Specialist registrar in renal medicine at Ninewells Hospital, Dundee, Dr Graham Stewart told delegates: "The effect of this on subsequent end-stage renal failure cardiovascular mortality isn't yet known, but is an exciting potential therapeutic option."

He explained that LVH was common in patients approaching end-stage renal failure (ESRF) but was also seen early in the progression of the disease.

This caused particular problems because the hypertrophied myocardium in uraemic patients was less compliant, less-well oxygenated, and more at risk of ischaemia and arrhythmias. It was, therefore, along with ischaemic heart disease, a major risk factor for death in renal patients.

Anaemia, he continued, played an important role on the development of LVH in uraemic patients. In observational studies both anaemia and hypertension are associated with the presence of LVH. Moreover, a reduction in haemoglobin levels has been shown to be closely correlated with growth of the left ventricle in patients with declining renal function.

"The hypertrophied hearts of uraemic patients have a reduced capillary density and a resultant reduction in blood supply," Graham Stewart told delegates.

"Those blood vessels also have impaired function. They don't vasodilate the way they should do. In addition, factors such as fibrosis of heart muscle around the vessels interferes with dilatation. So, the muscle becomes ischaemic. The clinical results of this in dialysis patients are silent myocardial ischaemia evident with elevated troponin -T levels and arrythmias leading to sudden death."

"We know that having left ventricular hypertrophy on dialysis is associated with at least a threefold increase in mortality. And a study from Glasgow in the late 1990s has shown that even in patients who have had successful transplantation, those with left ventricular hypertrophy or dilatation when they came in for transplant, were more likely to subsequently die."

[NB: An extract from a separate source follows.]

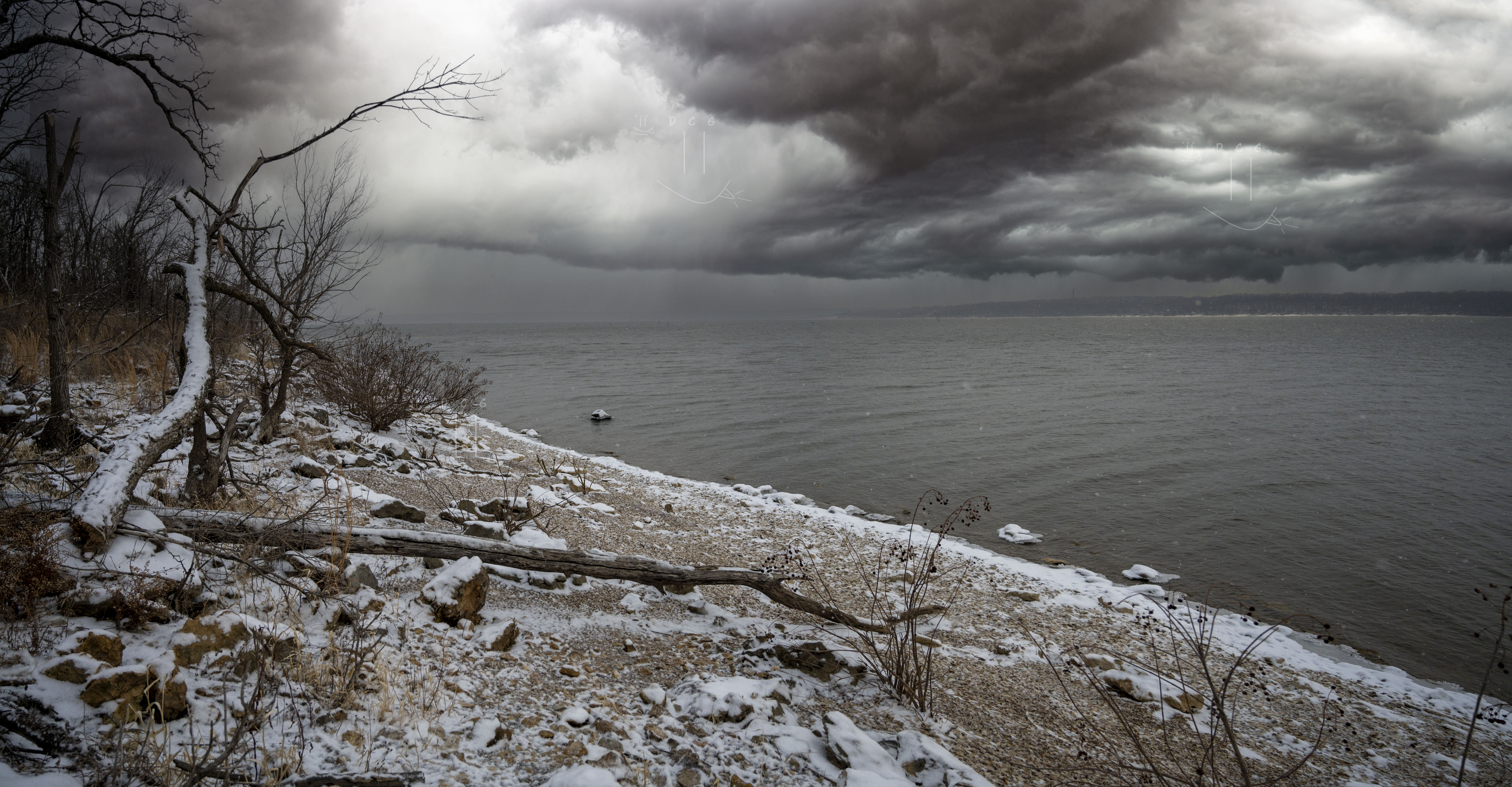 Frozen lake cloudy skies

"The natural history of LVH in progressive renal disease has been made clearer by a Canadian observational study which looked at the impact of reduced haemoglobin on left ventricular mass in a group of almost 450 patients with varying degrees of chronic renal failure. It followed them up for a year doing cardiac examinations at the start and the end of the period. It found that overall 34% had left ventricular hypertrophy and the predisposing factors for that were reduced haemoglobin, increased systolic blood pressure and reduced creatinine clearance."

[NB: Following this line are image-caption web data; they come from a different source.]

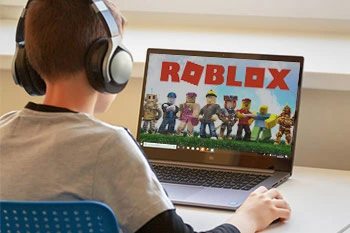 Boy playing Roblox on Laptop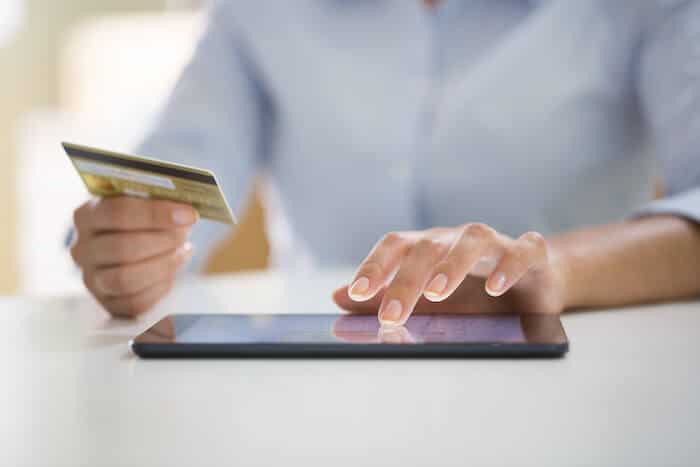 Person using a tablet and holding a credit card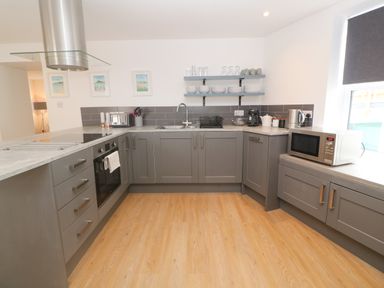 A kitchen with grey cabinets wooden floor a stove oven microwave and shelves with dishes at Rose Bank Cottage in St Just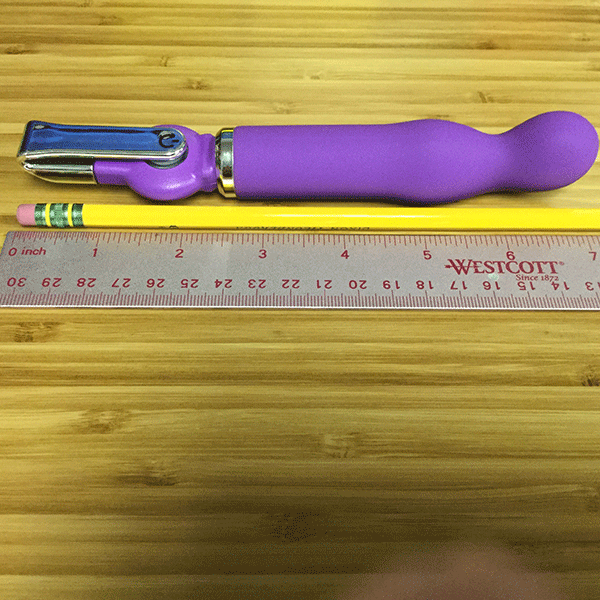 pink bob rechargeable purple vibe measurements next to ruler and pencil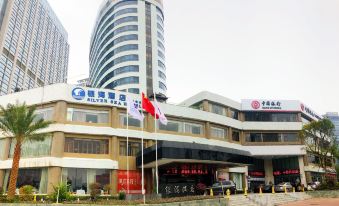 a large building with multiple flags flying in front of it , likely promoting a business or organization at Silver Sea Hotel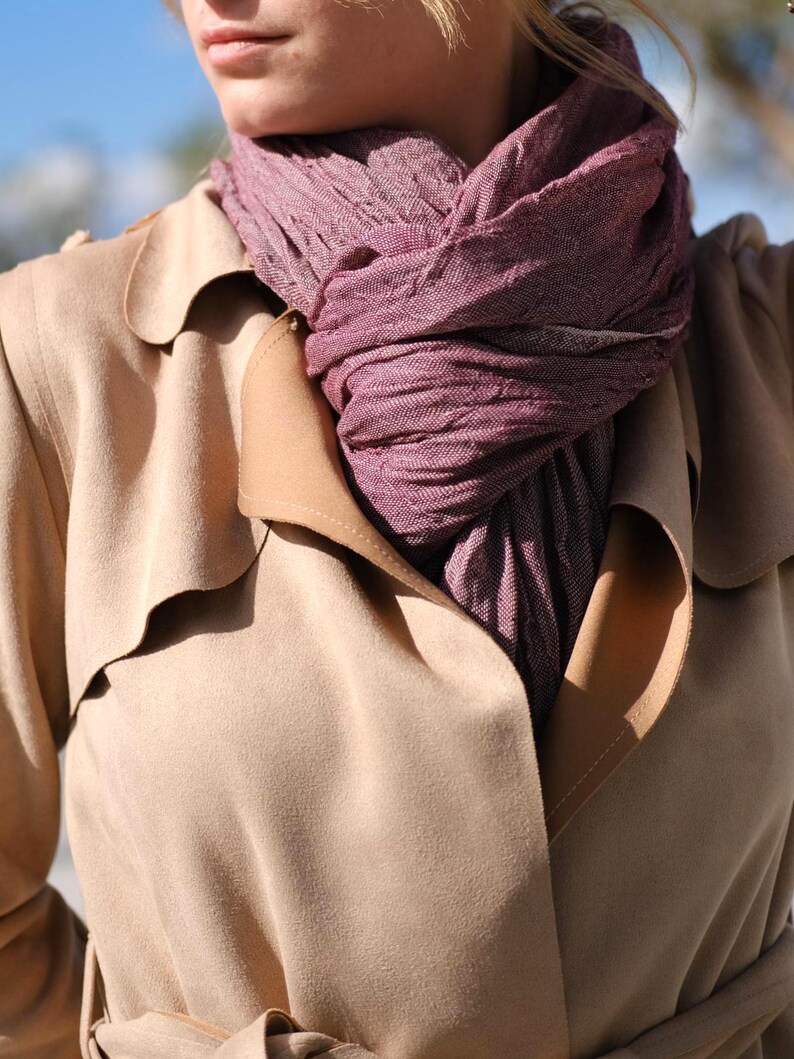 May include: A close-up of a tan trench coat with a mauve scarf. The scarf is wrapped around the neck and is a textured weave. The trench coat has a classic design with a notched collar and a double-breasted front.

"More importantly 28% of those with mild disease had left ventricular hypertrophy, and over the year 25% of the total group significantly increased their left ventricular mass," he said. "The factors associated with left ventricular growth were an increase in systolic blood pressure and reduction in haemoglobin."

"The influence of anaemia and hypertension on LV mass was also demonstrated in similar research carried out in Glasgow. Although the LVM of patients with primary renal disease was significantly greater than matched controls, even when excretory function was near normal. An increase in LV mass was only seen when creatinine clearance fell below 60ml/min, a level of function recognised to be associated with the development of renal anaemia."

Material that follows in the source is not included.